Lucki says she's working to convince federal government to keep controversial neck hold
The head of the RCMP says she's working to convince the federal government to allow her officers to keep using a controversial neck restraint.
The minister and commissioner are at odds over use-of-force and crowd control techniques used by the Mounties in the wake of a reckoning around policing.
In a mandate letter to RCMP Commissioner Brenda Lucki last year, Public Safety Minister Marco Mendicino instructed her to prohibit "the use of neck restraints in any circumstance."
But Lucki disagrees.
"We should be looking at options to keep people safe without resorting to any of the options on our belt," she said Monday after a committee meeting on Parliament Hill, referring to where officers keep their guns and Tasers.
"I'm looking at it through the lens of a police officer, and so we are providing briefings and [demonstrations] for the minister. It's about making evidence based decisions. We have to make sure he has all the evidence."
When using a vascular neck restraint, the officer in question compresses the arteries on either side of a person's neck, causing the person being restrained to slip into unconsciousness.
When used correctly, the restraint doesn't restrict breathing. While it differs from the hold that killed George Floyd while in police custody in 2020, the carotid restraint — sometimes called a sleeper hold — has come under intense scrutiny since his death, prompting Lucki to review the Mounties' use of it.
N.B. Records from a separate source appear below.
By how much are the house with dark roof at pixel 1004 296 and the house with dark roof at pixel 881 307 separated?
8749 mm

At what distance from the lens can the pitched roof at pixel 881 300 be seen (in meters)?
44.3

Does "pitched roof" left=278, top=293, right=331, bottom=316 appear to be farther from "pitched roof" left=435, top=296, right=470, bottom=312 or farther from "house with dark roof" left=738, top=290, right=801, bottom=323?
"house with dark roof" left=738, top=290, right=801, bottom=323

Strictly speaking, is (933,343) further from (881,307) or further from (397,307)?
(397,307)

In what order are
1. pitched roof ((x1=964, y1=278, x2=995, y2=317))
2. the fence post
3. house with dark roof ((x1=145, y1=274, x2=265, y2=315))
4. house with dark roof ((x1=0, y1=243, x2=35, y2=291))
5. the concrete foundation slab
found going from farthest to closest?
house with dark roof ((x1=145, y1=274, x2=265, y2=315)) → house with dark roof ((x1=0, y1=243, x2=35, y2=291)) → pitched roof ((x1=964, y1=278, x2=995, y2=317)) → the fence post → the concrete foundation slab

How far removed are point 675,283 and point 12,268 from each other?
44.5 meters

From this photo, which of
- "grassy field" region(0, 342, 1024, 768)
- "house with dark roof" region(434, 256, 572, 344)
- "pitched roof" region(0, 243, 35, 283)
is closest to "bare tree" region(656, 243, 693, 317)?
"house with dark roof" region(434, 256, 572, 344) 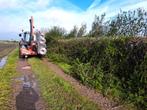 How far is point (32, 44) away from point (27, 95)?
20.3 meters

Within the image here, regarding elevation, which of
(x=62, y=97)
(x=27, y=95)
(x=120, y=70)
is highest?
(x=120, y=70)

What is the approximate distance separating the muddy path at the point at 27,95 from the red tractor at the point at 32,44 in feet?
43.4

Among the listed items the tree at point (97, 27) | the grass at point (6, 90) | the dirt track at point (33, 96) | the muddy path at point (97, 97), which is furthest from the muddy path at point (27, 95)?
the tree at point (97, 27)

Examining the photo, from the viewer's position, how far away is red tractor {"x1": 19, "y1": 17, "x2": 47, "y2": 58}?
30.6m

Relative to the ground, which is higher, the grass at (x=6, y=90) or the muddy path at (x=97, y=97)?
the muddy path at (x=97, y=97)

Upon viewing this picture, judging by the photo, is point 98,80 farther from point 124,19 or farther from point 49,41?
point 49,41

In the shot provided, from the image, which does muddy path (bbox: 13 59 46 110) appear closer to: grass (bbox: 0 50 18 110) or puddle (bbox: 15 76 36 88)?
puddle (bbox: 15 76 36 88)

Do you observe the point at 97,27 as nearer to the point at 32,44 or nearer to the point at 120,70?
the point at 32,44

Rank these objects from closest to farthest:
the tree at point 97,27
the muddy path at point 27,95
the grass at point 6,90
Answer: the muddy path at point 27,95 < the grass at point 6,90 < the tree at point 97,27

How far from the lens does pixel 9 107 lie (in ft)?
34.1

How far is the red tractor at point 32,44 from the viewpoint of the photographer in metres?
30.6

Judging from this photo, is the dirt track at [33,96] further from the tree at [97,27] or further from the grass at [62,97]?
the tree at [97,27]

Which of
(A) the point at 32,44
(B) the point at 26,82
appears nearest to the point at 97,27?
(A) the point at 32,44

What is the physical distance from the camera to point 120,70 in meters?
14.3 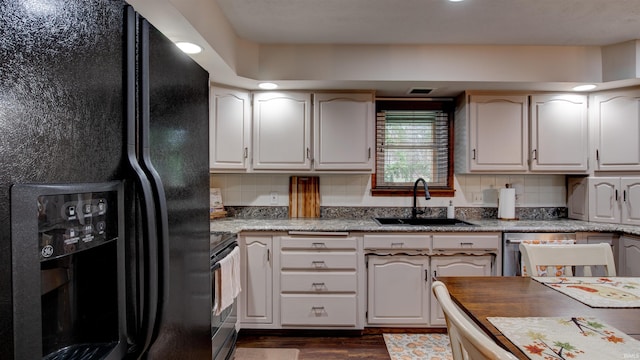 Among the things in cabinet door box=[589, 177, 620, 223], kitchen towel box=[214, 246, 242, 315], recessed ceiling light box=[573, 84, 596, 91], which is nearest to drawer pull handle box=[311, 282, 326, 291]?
kitchen towel box=[214, 246, 242, 315]

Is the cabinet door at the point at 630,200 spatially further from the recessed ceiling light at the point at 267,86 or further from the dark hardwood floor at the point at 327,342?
the recessed ceiling light at the point at 267,86

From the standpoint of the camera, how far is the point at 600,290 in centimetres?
134

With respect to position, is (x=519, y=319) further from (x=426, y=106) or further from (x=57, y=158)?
(x=426, y=106)

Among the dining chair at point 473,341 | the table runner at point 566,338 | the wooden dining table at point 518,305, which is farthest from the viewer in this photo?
the wooden dining table at point 518,305

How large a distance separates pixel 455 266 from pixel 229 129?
6.98 feet

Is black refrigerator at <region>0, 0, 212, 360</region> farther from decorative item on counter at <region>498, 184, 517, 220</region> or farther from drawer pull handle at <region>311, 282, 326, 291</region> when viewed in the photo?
decorative item on counter at <region>498, 184, 517, 220</region>

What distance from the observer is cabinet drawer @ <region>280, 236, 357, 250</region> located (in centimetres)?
266

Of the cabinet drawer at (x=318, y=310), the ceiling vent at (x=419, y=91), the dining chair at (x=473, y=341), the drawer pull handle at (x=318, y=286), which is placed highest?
the ceiling vent at (x=419, y=91)

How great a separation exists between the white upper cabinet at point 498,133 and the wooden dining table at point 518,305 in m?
1.70

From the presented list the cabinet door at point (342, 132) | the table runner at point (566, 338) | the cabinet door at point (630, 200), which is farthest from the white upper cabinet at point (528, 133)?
the table runner at point (566, 338)

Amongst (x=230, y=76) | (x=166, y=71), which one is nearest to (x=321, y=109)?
(x=230, y=76)

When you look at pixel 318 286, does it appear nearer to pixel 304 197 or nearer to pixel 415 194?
pixel 304 197

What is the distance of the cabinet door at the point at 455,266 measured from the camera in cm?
269

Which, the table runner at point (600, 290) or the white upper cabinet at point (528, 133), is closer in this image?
the table runner at point (600, 290) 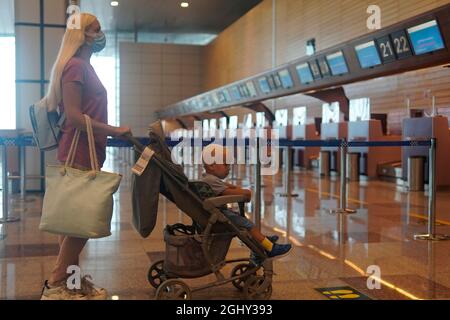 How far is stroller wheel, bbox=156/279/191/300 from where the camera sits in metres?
2.84

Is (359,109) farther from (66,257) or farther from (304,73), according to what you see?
(66,257)

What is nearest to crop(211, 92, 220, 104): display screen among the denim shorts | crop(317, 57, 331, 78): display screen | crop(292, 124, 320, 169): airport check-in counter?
crop(292, 124, 320, 169): airport check-in counter

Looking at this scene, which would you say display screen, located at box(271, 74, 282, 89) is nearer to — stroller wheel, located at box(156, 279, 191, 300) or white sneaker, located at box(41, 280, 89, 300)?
stroller wheel, located at box(156, 279, 191, 300)

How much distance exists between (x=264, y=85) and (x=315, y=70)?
3.47 meters

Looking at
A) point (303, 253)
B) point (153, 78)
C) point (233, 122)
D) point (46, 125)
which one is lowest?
point (303, 253)

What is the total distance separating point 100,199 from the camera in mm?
2674

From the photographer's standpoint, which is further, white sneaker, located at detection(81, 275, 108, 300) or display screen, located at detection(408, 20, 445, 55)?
display screen, located at detection(408, 20, 445, 55)

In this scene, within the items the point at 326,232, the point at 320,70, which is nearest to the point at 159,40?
the point at 320,70

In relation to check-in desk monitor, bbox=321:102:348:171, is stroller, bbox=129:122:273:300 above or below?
below

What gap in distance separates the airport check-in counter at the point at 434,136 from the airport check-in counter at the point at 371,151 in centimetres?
149

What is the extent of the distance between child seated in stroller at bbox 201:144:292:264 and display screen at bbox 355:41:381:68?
24.6 feet

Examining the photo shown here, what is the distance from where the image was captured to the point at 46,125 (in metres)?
2.79

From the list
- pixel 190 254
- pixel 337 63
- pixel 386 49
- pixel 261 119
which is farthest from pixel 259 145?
pixel 261 119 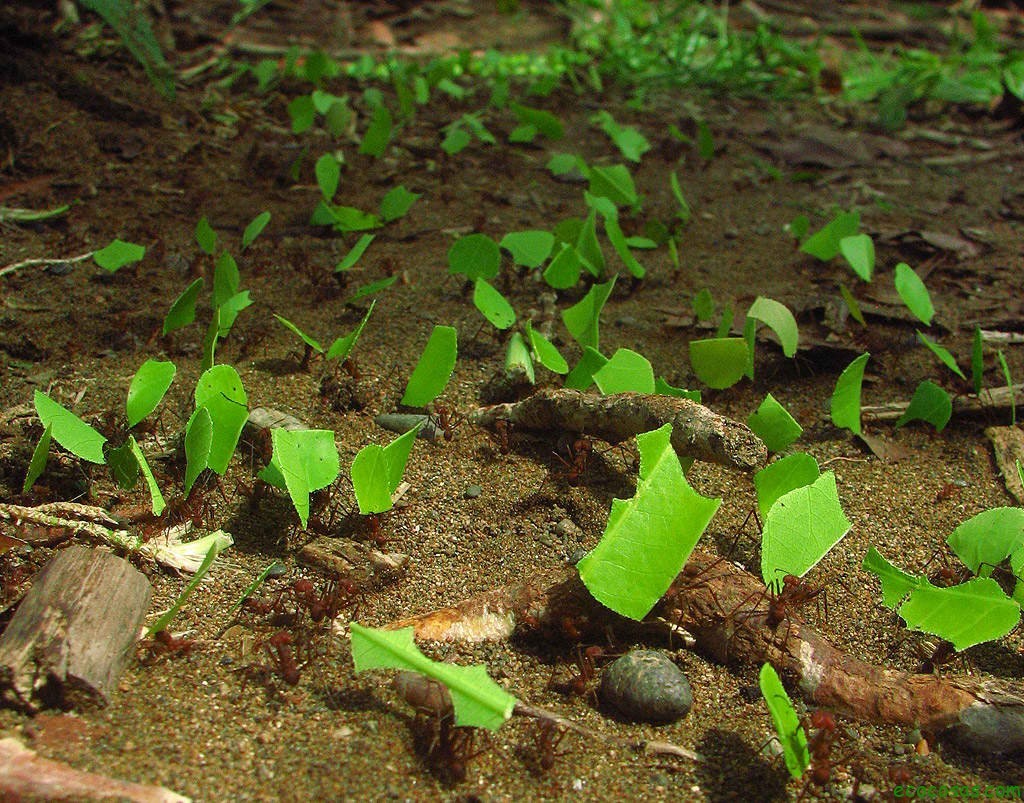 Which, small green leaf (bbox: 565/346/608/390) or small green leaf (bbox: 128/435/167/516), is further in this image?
small green leaf (bbox: 565/346/608/390)

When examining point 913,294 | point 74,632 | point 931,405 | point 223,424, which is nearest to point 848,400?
point 931,405

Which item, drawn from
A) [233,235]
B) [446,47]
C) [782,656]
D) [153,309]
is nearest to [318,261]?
[233,235]

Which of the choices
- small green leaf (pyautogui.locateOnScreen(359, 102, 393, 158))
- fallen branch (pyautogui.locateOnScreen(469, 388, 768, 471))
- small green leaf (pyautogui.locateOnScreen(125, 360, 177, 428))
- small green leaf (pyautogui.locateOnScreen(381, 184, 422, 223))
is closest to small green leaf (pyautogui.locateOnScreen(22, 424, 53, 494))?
small green leaf (pyautogui.locateOnScreen(125, 360, 177, 428))

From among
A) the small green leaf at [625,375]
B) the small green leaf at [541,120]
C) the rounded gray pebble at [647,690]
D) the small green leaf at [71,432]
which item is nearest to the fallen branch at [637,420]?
the small green leaf at [625,375]

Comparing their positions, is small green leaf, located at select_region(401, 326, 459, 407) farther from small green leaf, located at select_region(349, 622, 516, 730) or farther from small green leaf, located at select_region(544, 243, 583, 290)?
small green leaf, located at select_region(349, 622, 516, 730)

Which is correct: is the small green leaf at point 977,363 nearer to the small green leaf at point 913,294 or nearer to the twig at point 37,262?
the small green leaf at point 913,294

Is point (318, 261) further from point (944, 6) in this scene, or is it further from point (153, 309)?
point (944, 6) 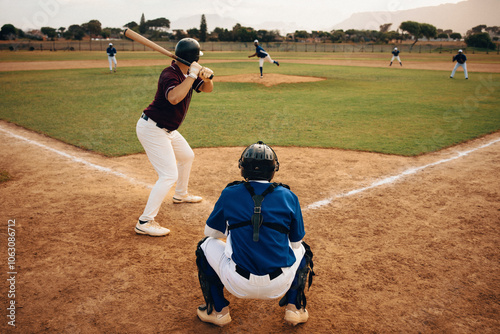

Several Canadian police forces already don't use it and a 2020 Washington Post investigation found that of the 65 largest U.S. police departments, 44 prohibit the carotid hold.
"We can't afford another man dying at the hands of a police officer with no justification. We can't have any more violations of the public trust," Art Acevedo, police chief in Houston, told the paper.
Instead of banning the technique, an RCMP spokesperson told CBC last month the force issued new guidance to its officers in November that "strengthens and clarifies definitions, oversight and accountability measures, the risks of applying the technique on medically high-risk groups, requirements for medical attention, the threshold for use and requirement to recertify annually on the policy regarding application."
"We've done extensive work in that area to understand the effectiveness and the safety of that particular vascular neck restraint," said Lucki.
Government sets the mandate: minister
On Monday, Mendicino suggested to reporters he wasn't budging on his request to the commissioner. The federal government is also asking the RCMP to ban the use of two crowd-control tools: extended-range impact weapons, which fire foam rounds, and CS gas, a milder gas than tear gas.
When asked what happens if Lucki doesn't follow the mandate letter, Mendocino said he was confident "we're going to make good on the mandate," noting that the government was looking for a "good, frank dialogue" with the RCMP.
The RCMP Act says the commissioner serves "under the direction of the minister" and "has the control and management of the force."
"Government sets the mandate, the mandate is given to us by the people," said Mendicino.
A recent study in the Journal of Forensic and Legal Medicine published last fall about police use of vascular neck restraints noted a lack of "robust evidence" on rates of death and significant injuries.
The review examined neck restraints used by three police forces, including the RCMP, and found the technique to be effective in more than 90 per cent of cases.
The report found there were no fatalities or significant injuries related to vascular neck restraints after 944 field uses. The RCMP accounted for one-third of the cases used in the study.
According to documents obtained through an access to information in 2021, the RCMP recorded six occasions when someone had to be taken to hospital following the application of a carotid hold — three in 2018, one in 2019 and two in 2020.
The RCMP has said that the hold may not have been the sole cause of injuries in those incidents.